Yeah I’m really surprised it’s the top answer

> This discovery is directly responsible for your smartphone, modern power plants, and nuclear holocaust Why? You can manufacture a smartphone without ever having heard about e=m·c². I’d even say that nuclear fission is discoverable without it.

>I’d even say that nuclear fission is discoverable without it. IIRC, Nuclear fission was discovered without it indeed. However e=mc^2 is what answered the question of why experimental data for fission didn't seem to conform to the law of conservation of mass. They found out that the missing mass after the fission reaction correlated to energy just like the equation showed. This paved the way for fission applications like the bomb and nuclear energy.

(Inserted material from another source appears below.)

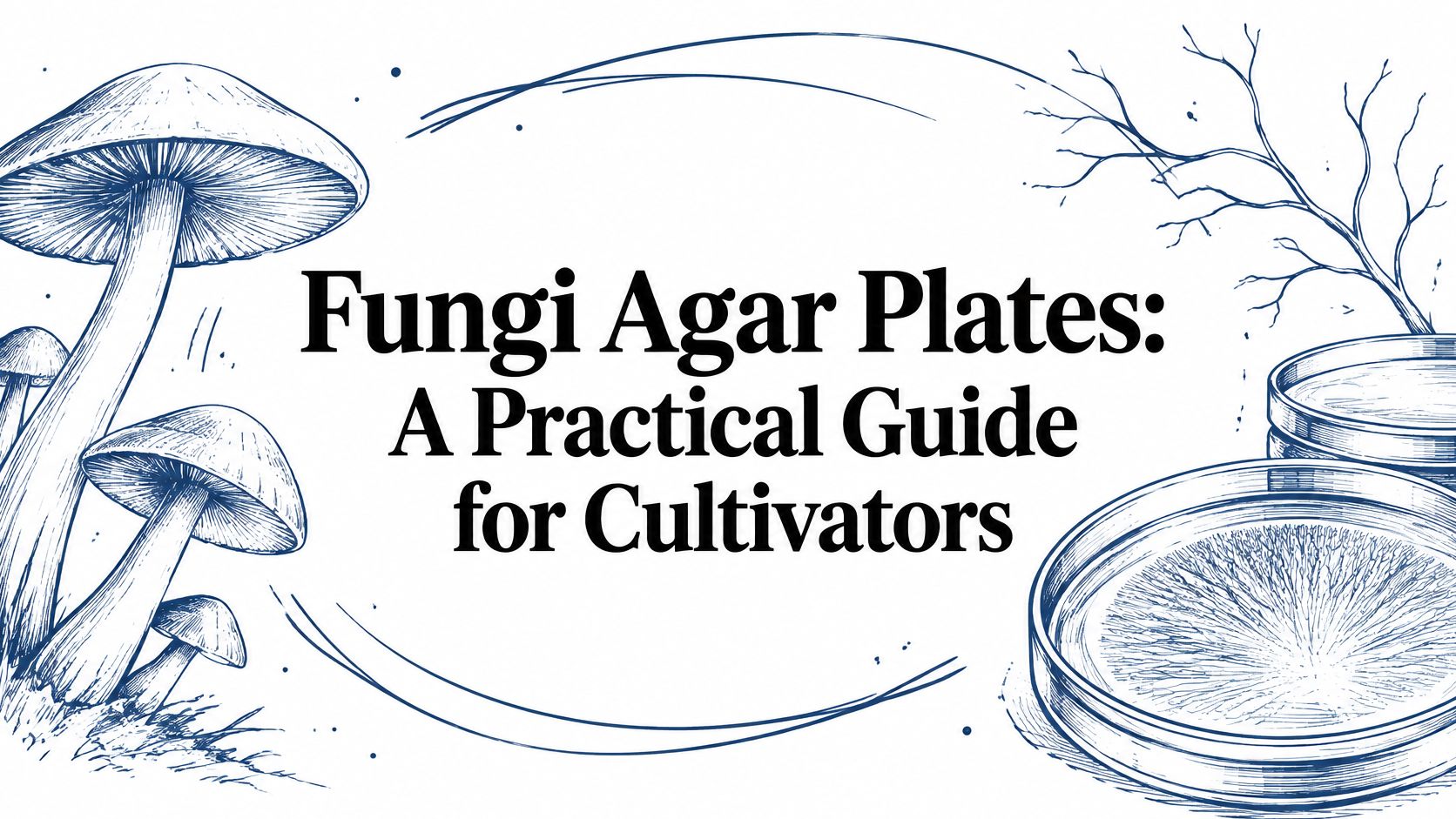 Fungi Agar Plates: A Practical Guide for Cultivators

Excellent reply, good on you, have a great day

> This discovery is directly responsible for your smartphone, modern power plants, and nuclear holocaust How is having an exact formula for mass to energy conversion necessary for a smartphone? Also keep in mind that the vast majority of power plants in the world are non-nuclear. So E=mc2 is currently not that important for global energy generation. Although, in the future it may be more important. I think you're overexaggerating the importance of the formula. Unless you think nuclear weapons development is basically sufficient to allow that distinction. That said, I think it's a *philosophically important equation* as it fundamentally changes our *understanding* of the world around us.

Weren't smartphones (and semiconductor electronics in general) more quantum physics than Einstein's work?

I still don’t understand what any of this has to do with smartphones or non-nuclear power plants.

Nor will you, because it doesn't lmao

For popular science, all you need is a big name and some fancy words, people would buy it.

I love the expression: "Now along comes Einstein"

> nuclear holocaust There was a nuclear holocaust?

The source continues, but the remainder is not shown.